**Input data**:

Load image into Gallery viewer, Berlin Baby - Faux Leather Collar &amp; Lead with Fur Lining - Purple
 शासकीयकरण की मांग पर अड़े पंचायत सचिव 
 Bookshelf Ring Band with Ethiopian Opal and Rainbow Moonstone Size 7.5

**Assignment**: Collect each line above holding the string "with".

**Answer space**:
Load image into Gallery viewer, Berlin Baby - Faux Leather Collar &amp; Lead with Fur Lining - Purple
 Bookshelf Ring Band with Ethiopian Opal and Rainbow Moonstone Size 7.5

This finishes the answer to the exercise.